What a progress toward truth we find in the advance from Assyrian and Egyptian to Greek art! Antique things, if we knew how to look at them, would bring about a new renaissance for us, we who stagnate in the Parisian spirit. The Parisian spirit, young though it is, is already too old to serve us. It is like those pretentious monuments, those constructions in plaster, which are hollow and horrible under their crumbling stucco.
Greece was the land of sculpture beyond all others. The subject of their sculpture was life. The people concealed it under names and symbols,—Jupiter, Apollo, Venus, the fauns,—but behind all these was the eternal truth of life.
This torso on my table looks as though it had been washed to the shore by the loving waves, as boats are stranded on the beach at low tide. What more beautiful offering could be made to men and gods? For is this fragment not an eternal prayer?

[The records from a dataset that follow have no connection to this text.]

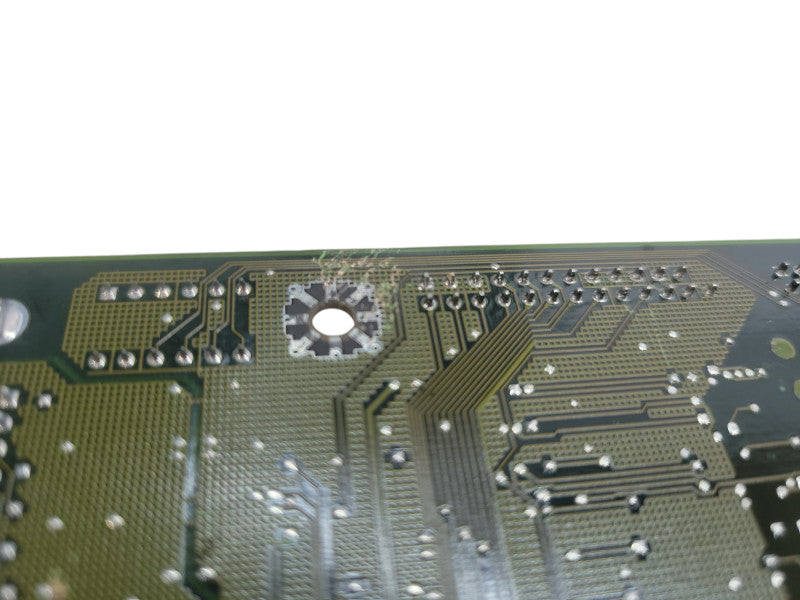 Gateway 2000 Intel OverDrive Ready 486 Motherboard (READ) %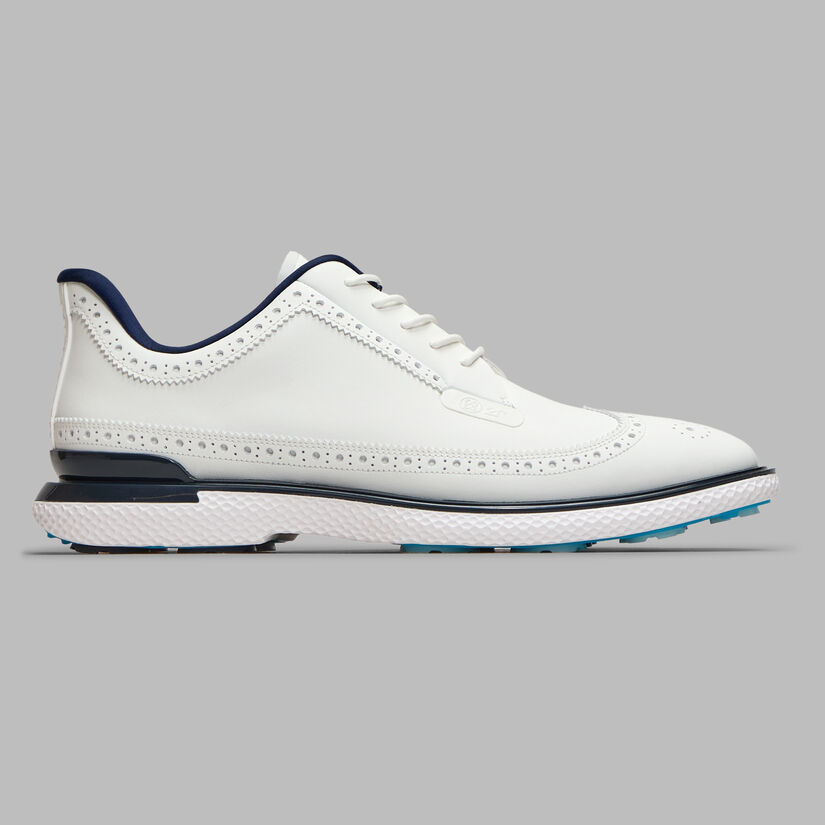 MEN'S GALLIVAN2R LONGWING GOLF SHOE image number 3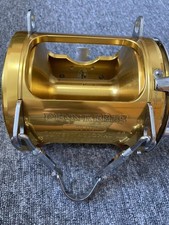 Mulinello Penn International II 80TW Big Game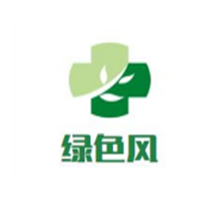 綠色風加盟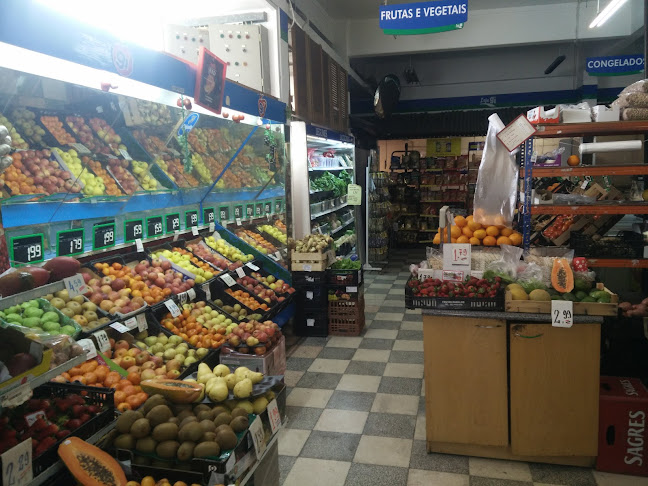 Supermercado MilhoMel. Fruit & Pepper, Lda Horário de abertura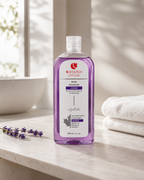Body Shampoo Lavender – 400 ml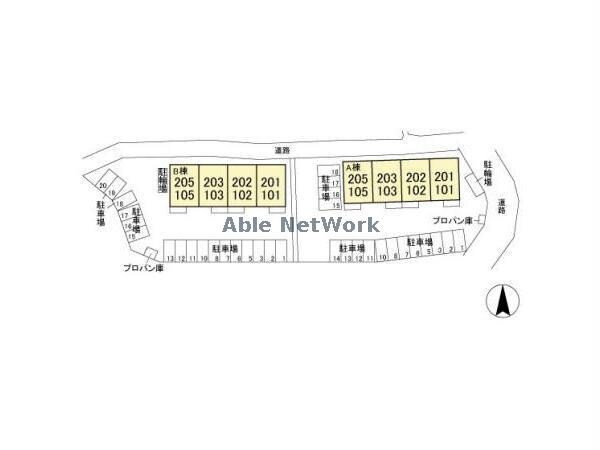 物件内観写真18　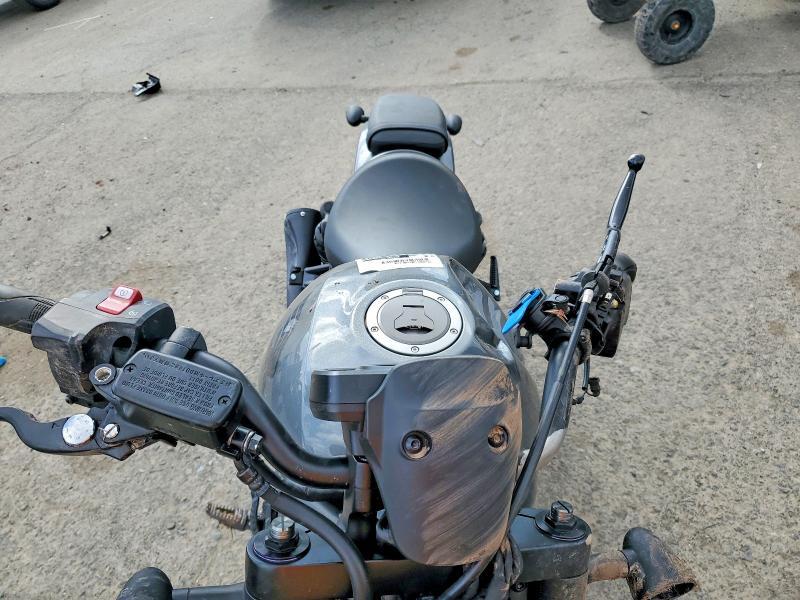 2024 Honda CMX1100 A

The thoughts expressed in this torso are numerous, infinite. I could write about it forever. Do I bring these thoughts with me? Is it I who put them into the marble? No, for when it is out of my sight, this divinity of life vanishes from me at the same time. Since it ceases to be in me, it must be the fragment which possesses it. It teaches a sculptor more than any professor could. It whispers secrets to me, and if I am true to it, it will tell me more and more; it will transform me in harmony with the soul of its friend, the Greek sculptor. For are not the thoughts of God expressed all the world over? Are they not the fruitful germs, now growing within a brain, now in a beautiful grouping of stone, and now captured by those magicians, the poets? And are sculptors, too, not like poets?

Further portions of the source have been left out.